Recién entrando en la adolescencia, cuando finalmente empecé a alojar afuera con más frecuencia, me di cuenta de que las piyamadas eran todo un mundo y que cada una de ellas requería de una súper programación. No se trataba simplemente de invitar a una amiga o ir a dormir a su casa, se trataba más bien de armar todo un panorama para esa ocasión; qué película se iba a ver, qué íbamos a comer, que coreografías íbamos a inventar y a quién le íbamos a robar un cigarro para ir a fumar a la azotea del edificio y ojalá toparnos con el vecino mino.
Y todo eso lográbamos hacerlo en una sola noche. Porque de eso se trataba; de aprovechar al máximo, incluso si era acostadas en la cama riéndonos de anécdotas pasadas, hojeando revistas, viendo una película totalmente inapropiada para la edad o probándonos veinte tenidas para finalmente ir a la esquina a comprar dulces. Así podían pasar horas en las que no existía preocupación alguna más que por la próxima actividad que teníamos agendada; una vez que terminábamos de hablar de los chicos que nos gustaban nos pasábamos a las pitanzas. Y luego de eso a articular algún plan maestro –o eso pensábamos al menos– para toparnos con el vecino. Inventar que nos habíamos quedado sin llaves; pedirle azúcar para la torta que íbamos a hornear; decirle que teníamos su correspondencia. Todas esas eran posibilidades, pero nunca ir a tocarle la puerta para decirle derechamente: “te queremos conocer”.

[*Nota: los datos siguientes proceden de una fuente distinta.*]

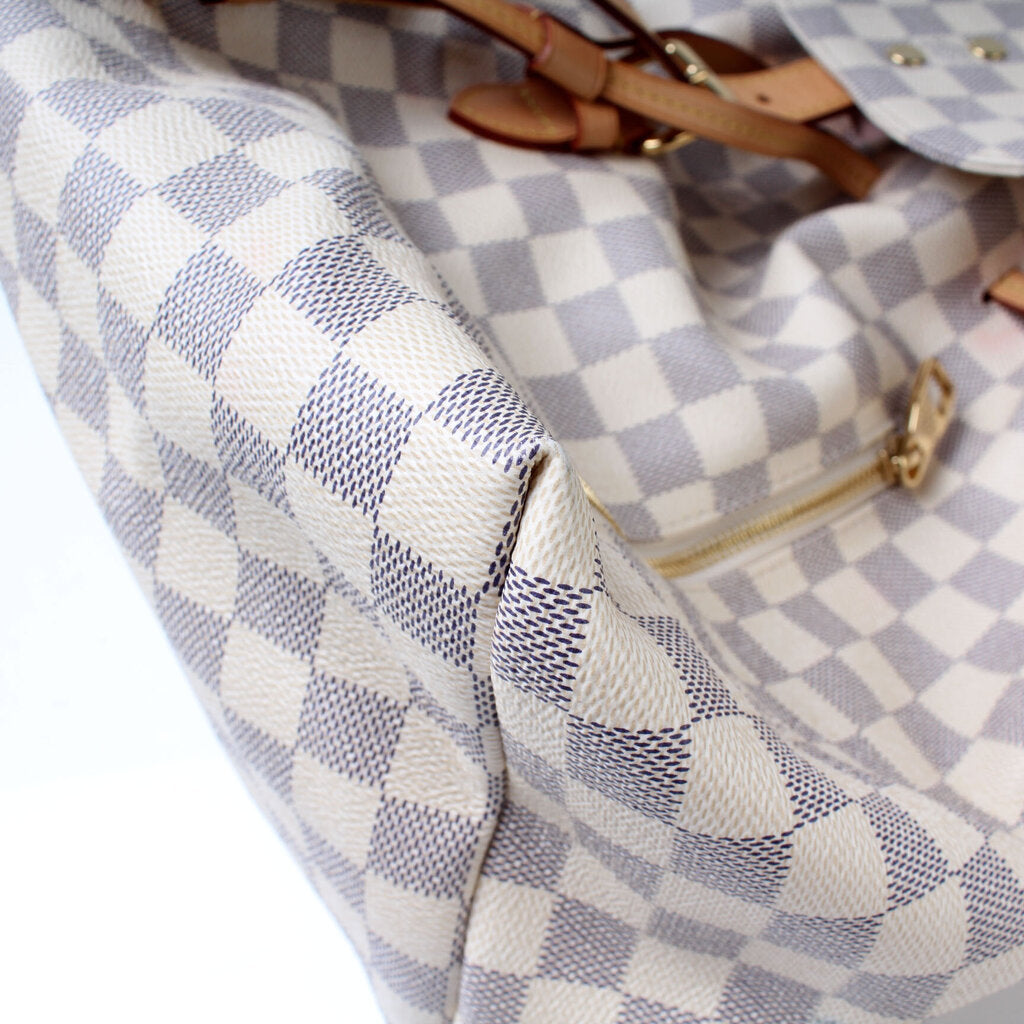 Sperone Backpack Damier Azur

Recuerdo una piyamada en particular, cuando teníamos entre 14 años, y decidimos irnos seis amigas a la casa de campo de una compañera de curso a pasar la noche de Halloween. Preparamos una selección de películas de terror y comida chatarra y las vimos todas de corrido. A eso de las 4 de la mañana decidimos salir a su jardín a ver quién aguantaba más en la oscuridad. Justo era una época –me imagino que todos los adolescentes la viven en algún momento– en la que estaban muy de moda los desafíos que implicaran enfrentarse a alguna situación incierta y de posible riesgo, y creíamos que estando en la mitad de la nada, sin las luces de la ciudad, sería el escenario perfecto. Nos movía la adrenalina, el querer desafiarnos y probar nuestros límites y esa mínima posibilidad de que realmente nos encontráramos atrapadas en la trama de una de esas películas de terror. También nos jurábamos más valientes de lo que éramos. Porque ninguna duró más de cinco minutos, y nos devolvimos todas corriendo, gritando y agarradas de la mano. Una vez adentro cerramos la puerta con llave, nos maquillamos con glitter y nos pusimos a escuchar música ochentera y noventera para olvidar el mal rato.

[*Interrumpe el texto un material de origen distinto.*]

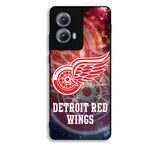 Detroit Red Wings Motorola Moto Edge 2024 Case FE3151
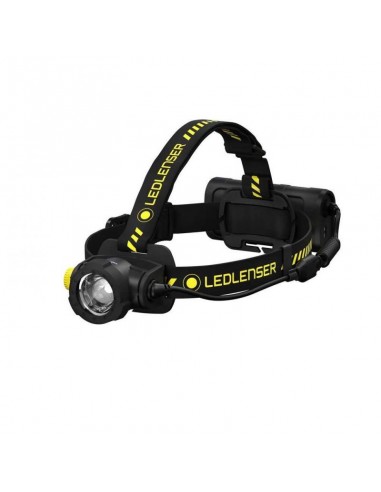 LedLenser Επαναφορτιζόμενος Φακός Κεφαλής LED Αδιάβροχος IP67 με Μέγιστη Φωτεινότητα 2500lm H15R Work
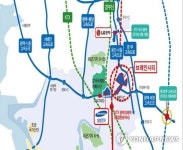 평택 브레인시티 위치도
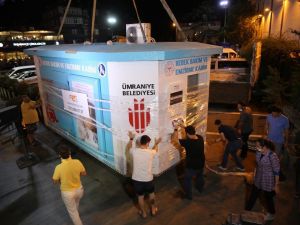 Bebek bakım ve emzirme kabinleri miniklerin hizmetinde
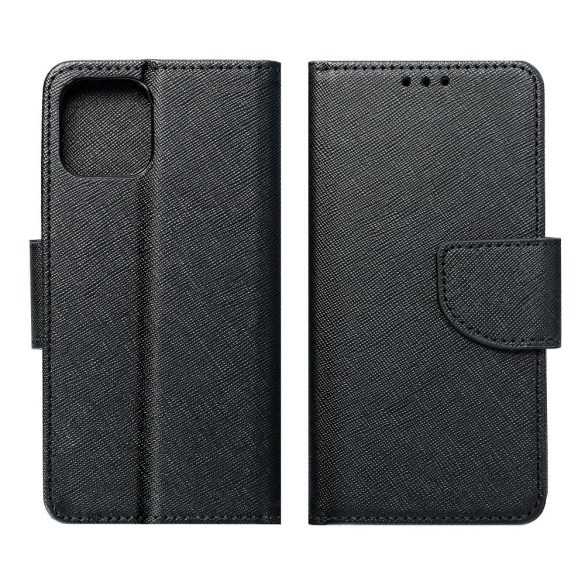 Fancy Book case XIAOMI Redmi 12c fekete könyvtok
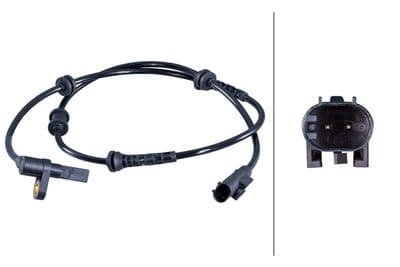 Sensor, revoluciones de la rueda HELLA 6PU 358 417-771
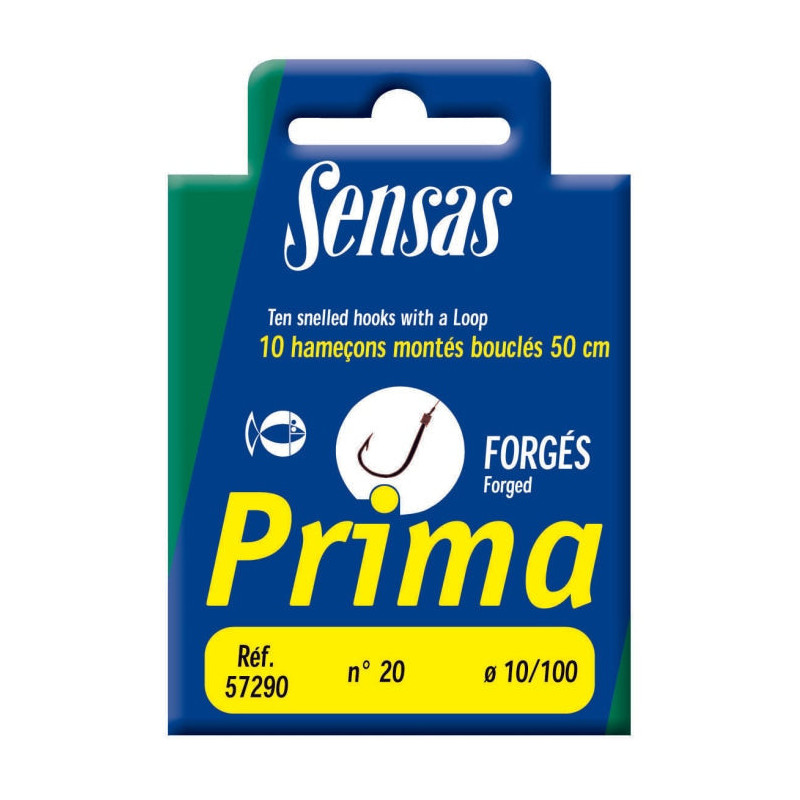 Hameçons Montés Sensas Prima Forge
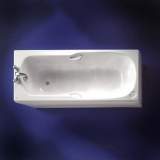 Ideal Standard Studio 1700 X 700 Two Tap Holes Bath Plus Clr Grp White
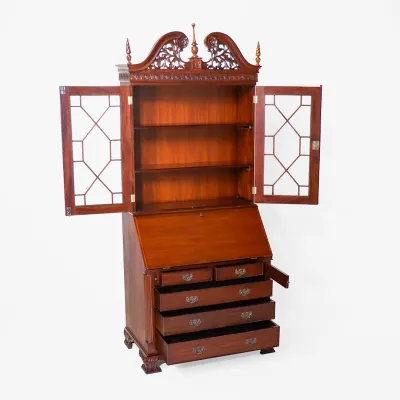 Chippendale Style Bureau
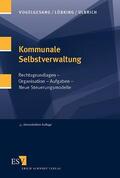 Vogelgesang / Lübking / Ulbrich |  Kommunale Selbstverwaltung | Buch |  Sack Fachmedien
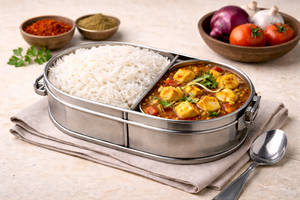 Kadhai paneer rice bowl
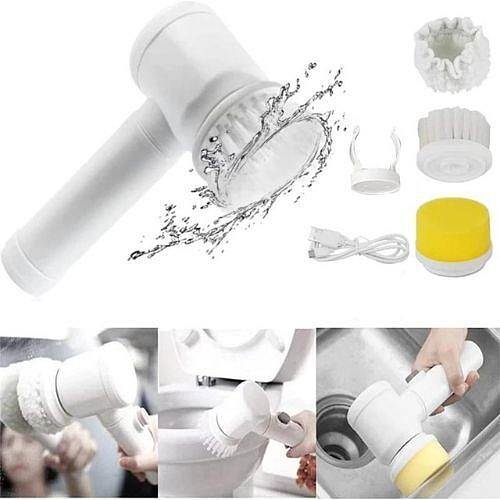 Elektrický čistící rotační kartáč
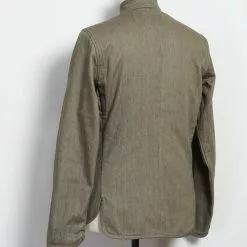 ERLING | Quilted Work Jacket | Safari -Togs Soldes erling quilted work jacket safari hansen garments 601809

Luego, cuando empezó la época de las fiestas, la piyamada pasó a ser la excusa perfecta. Con una amiga en particular desarrollamos toda una técnica para lograr escaparnos de su casa en la mitad de la noche sin que sus papás se dieran cuenta. Para ellos, estábamos teniendo una piyamada cualquiera, pero en realidad, cuando se iban a acostar, metíamos dos muñecas adentro de las sábanas y dejábamos sus cabelleras afuera para que simularan las nuestras. Cruzábamos el pasillo del departamento en puntitas de pie, nos poníamos los zapatos afuera y nos íbamos a carretear. Cuando llegábamos, las muñecas estaban intactas en la cama. Todavía me pregunto cómo lo hicimos. En mi casa mi mamá me hubiese cachado al tiro.
Creo que siendo adultos seguimos planificando las piyamadas con tanto entusiasmo – aunque con mucho menos frecuencia– justamente porque nos remiten a una época en la que las carcajadas eran tan intensas que nos hacían doler la guata, y en la que existía la sensación de que, al menos durante su duración, el tiempo se detenía y nada de lo que estaba pasando afuera importaba.